Merrill Lynch and Bank of America Sued for Alleged Labor Violations, According to Fitapelli & Schaffer, LLP
NEW YORK, Jan. 13 /PRNewswire/ — A new lawsuit alleges that Merrill Lynch and Bank of America (NYSE: BAC) violated the federal Fair Labor Standards Act (FLSA) by failing to pay overtime to back office employees who facilitate transactions of the company’s derivatives products, according to Fitapelli & Schaffer, LLP.
Andrea Levine, of Staten Island, N.Y., and Ivey Moore, of Mount Vernon, N.Y., both of whom are employed as Derivatives Settlement Specialists, filed suit Monday in New York federal court.

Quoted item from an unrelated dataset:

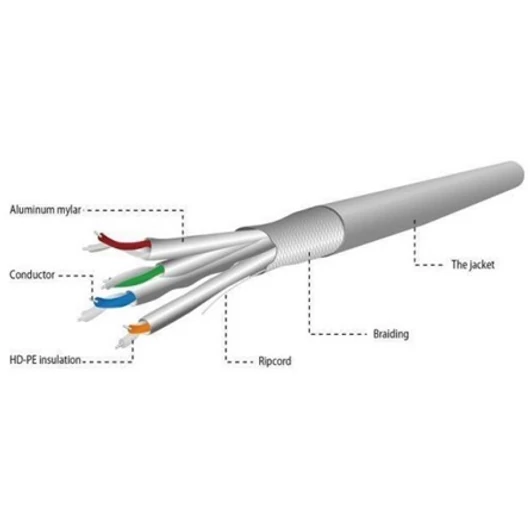 Gembird CAT6A S / FTP adatkábel 305m LSZH fali szürke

The lawsuit alleges that the plaintiffs and other Merrill Lynch Derivatives Settlement Specialists have been “blatantly misclassified as ‘exempt'” and “regularly worked in excess of 40 hours per week and were not paid time and one half for any and all hours over 40 in a given week.”

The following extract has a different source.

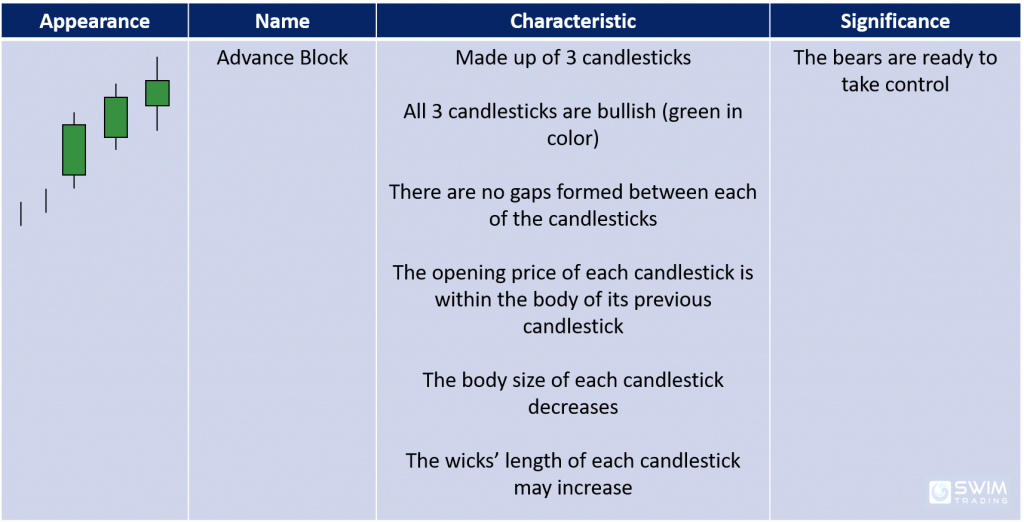 characteristics and significance of Advance Block bearish reversal candlestick pattern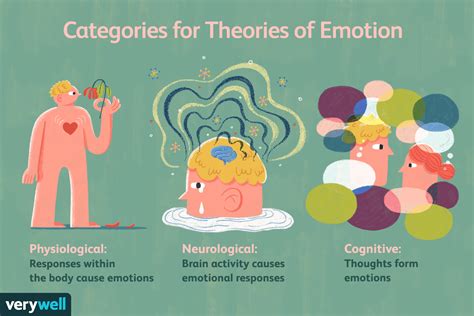 to what do dynamics in music refer? how they relate to our emotional responses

Attorney Brian Schaffer, who represents the workers, said he will seek to have the lawsuit certified as a collective action in order to recover unpaid wages, liquidated damages, attorneys’ fees, costs and interest for current and former Merrill Lynch Derivatives Settlement Specialists who elect to opt-in to the legal action and who have been employed by Merrill Lynch at any time within the past three years.
“We allege that Merrill Lynch egregiously violated federal wage and overtime laws,” Mr. Schaffer said. “Many salaried employees work over 40 hours in a week, but are unaware they are entitled to premium overtime pay. Companies must be held accountable for taking advantage of these salaried employees.”
The defendants are Merrill Lynch & Co. Inc., and Bank of America, which completed its purchase of Merrill Lynch on Jan. 1, thus creating the largest wealth management business in the world.
The case is “Andrea Levine and Ivey Moore, et al., v. Merrill Lynch, et al.,” (U.S. District Court, Southern District of New York, Case No. 09 cv 304).